> **EXERCISE REQUIREMENTS**: The copy you return must match the listing word for word and carry no pictures.

> **MATERIAL PROVIDED**:

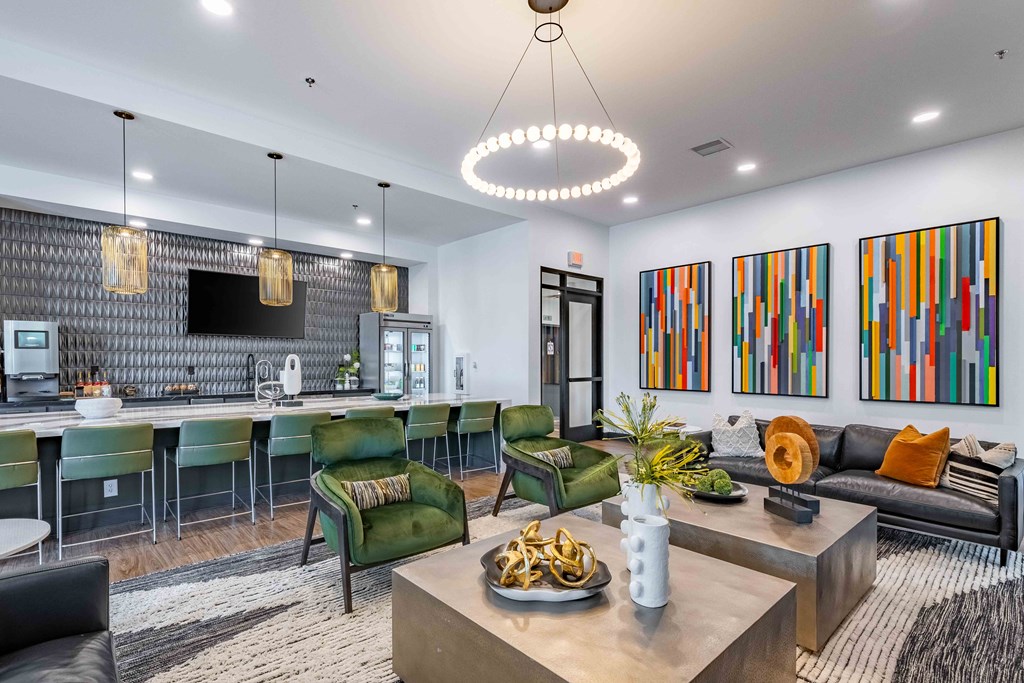 a living room with a kitchen and a table with chairs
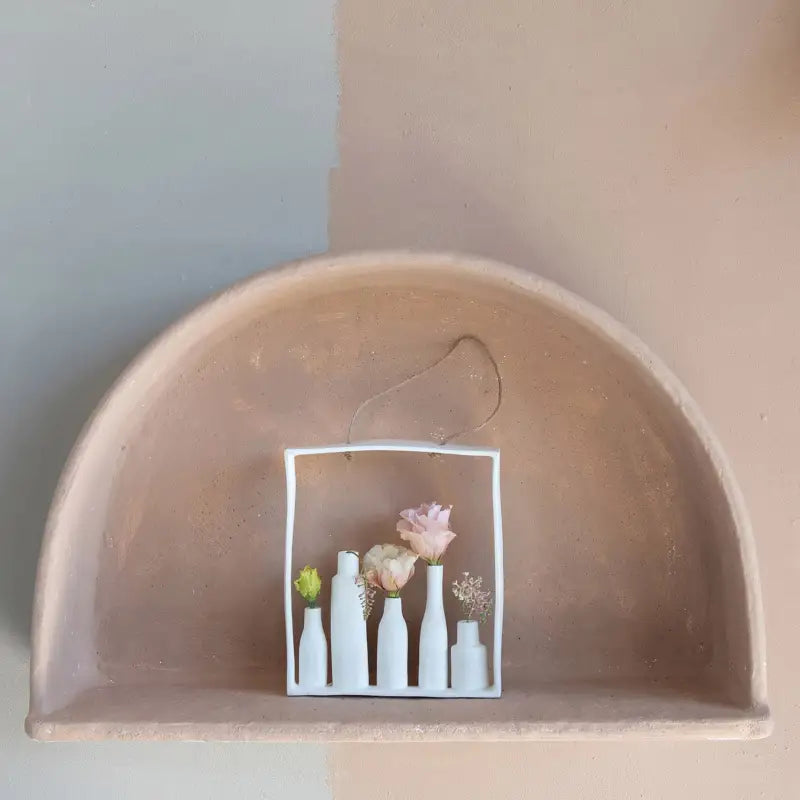 Decorative shelf with a small square mirror reflecting bottles and flowers.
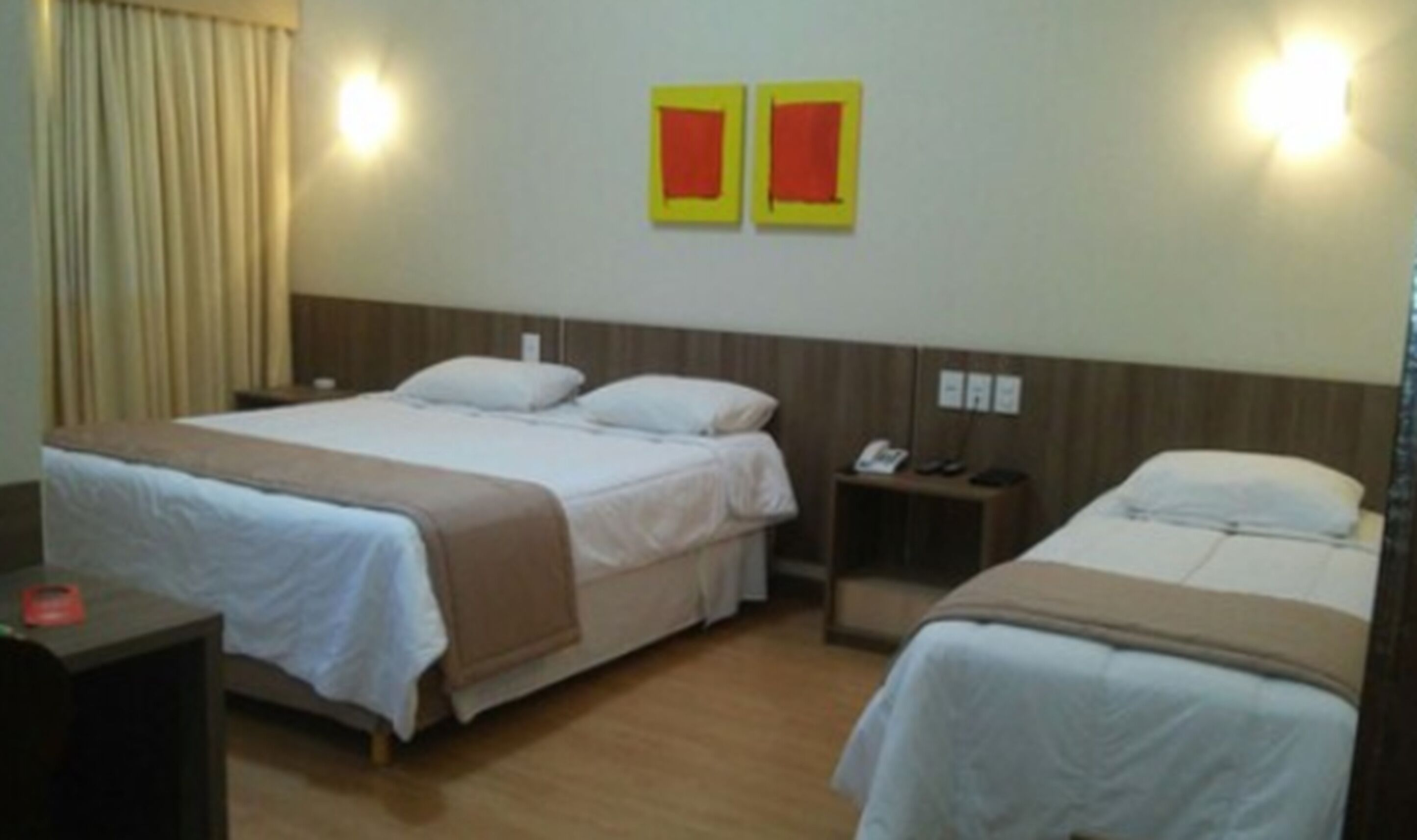 A hotel room with two beds, a wooden headboard, a nightstand with a phone, and a window with curtains.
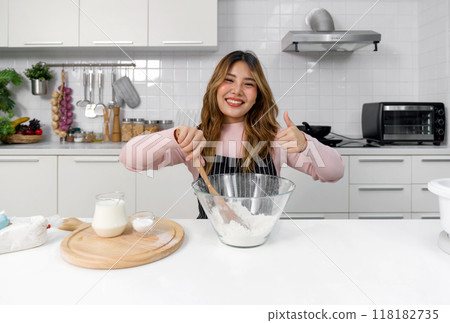 A happy woman in an apron, mixing batter in a clear glass bowl with spatula. Sitting in a clean and modern kitchen, smile while raise finger thumb up. Tray of milk and baking powder placed beside. 118182735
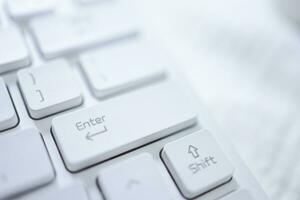 Hands of business woman Pressing enter button on computer keyboard photo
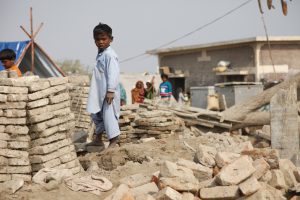 <p>A child stands amongst the remains of buildings destroyed by the recent flooding in Sindh province, Pakistan (Photo: DFID)</p>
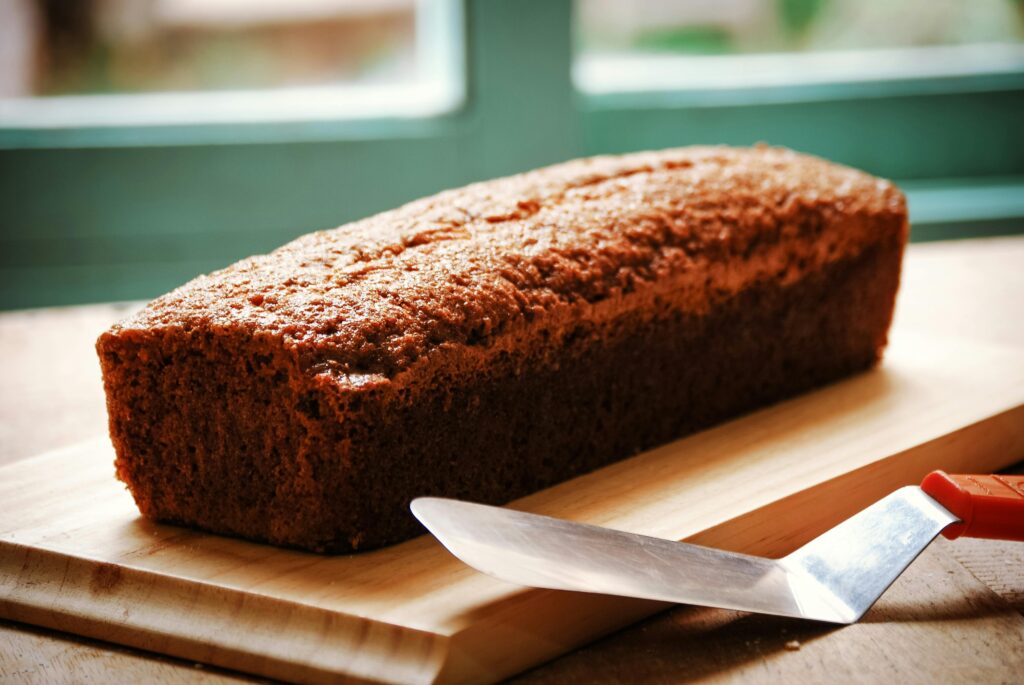 "Banana bread on a cutting board with a spatula on a table"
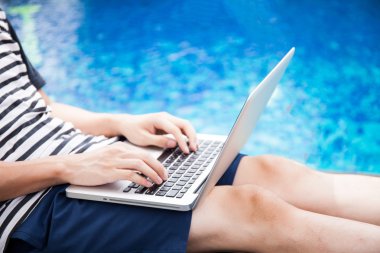 Bir dizüstü bilgisayar havuzda tatile - herhangi bir yerde iş ve internet iş kavramı kullanan adam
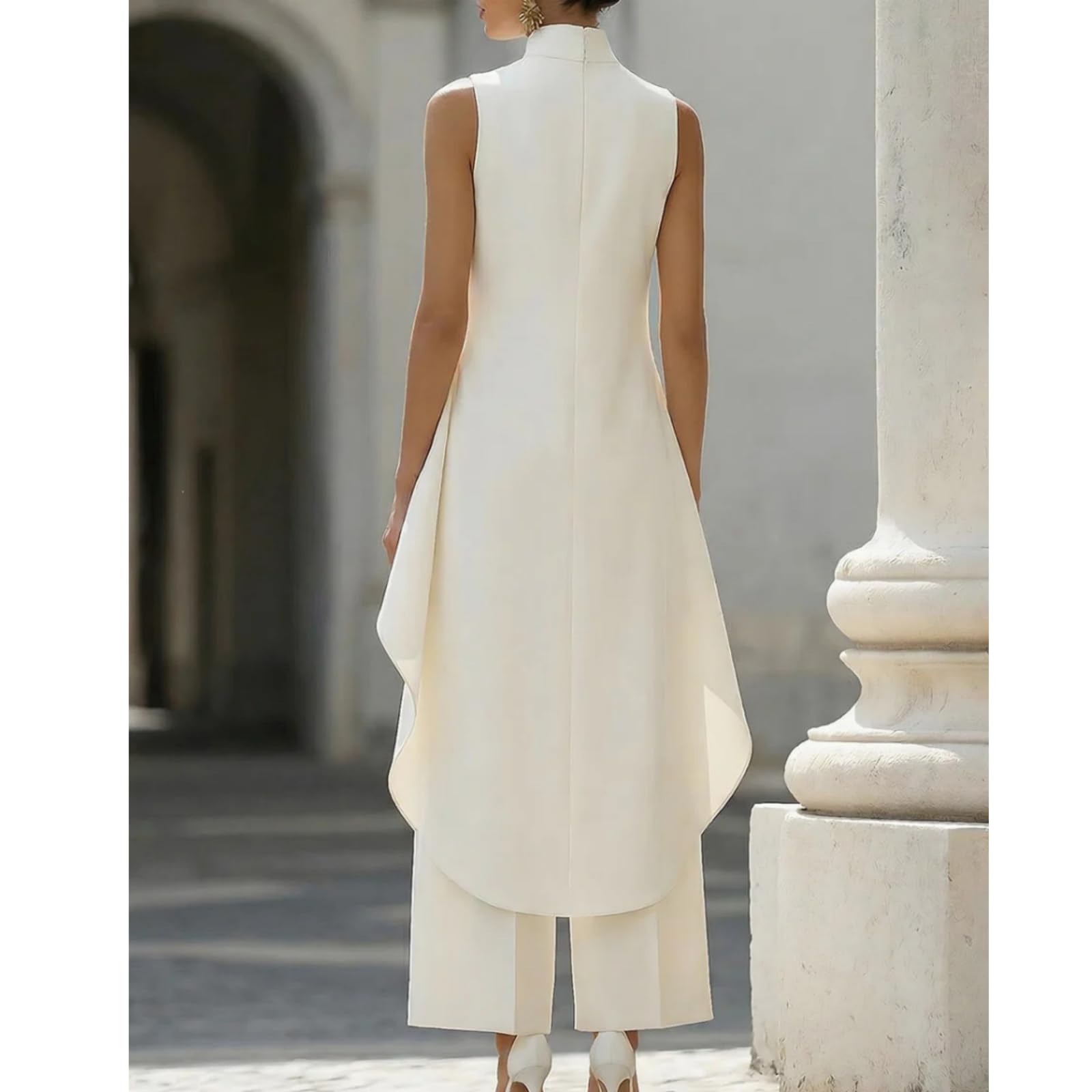 Generico Completo da donna a due pezzi senza maniche, composto da un elegante top asimmetrico a collo alto e pantaloni a gamba larga.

> **REPLY**:
 a living room with a kitchen and a table with chairs
 Decorative shelf with a small square mirror reflecting bottles and flowers.
 A hotel room with two beds, a wooden headboard, a nightstand with a phone, and a window with curtains.
 A happy woman in an apron, mixing batter in a clear glass bowl with spatula. Sitting in a clean and modern kitchen, smile while raise finger thumb up. Tray of milk and baking powder placed beside. 118182735
 Hands of business woman Pressing enter button on computer keyboard photo
 <p>A child stands amongst the remains of buildings destroyed by the recent flooding in Sindh province, Pakistan (Photo: DFID)</p>
 "Banana bread on a cutting board with a spatula on a table"
 Bir dizüstü bilgisayar havuzda tatile - herhangi bir yerde iş ve internet iş kavramı kullanan adam
 Generico Completo da donna a due pezzi senza maniche, composto da un elegante top asimmetrico a collo alto e pantaloni a gamba larga.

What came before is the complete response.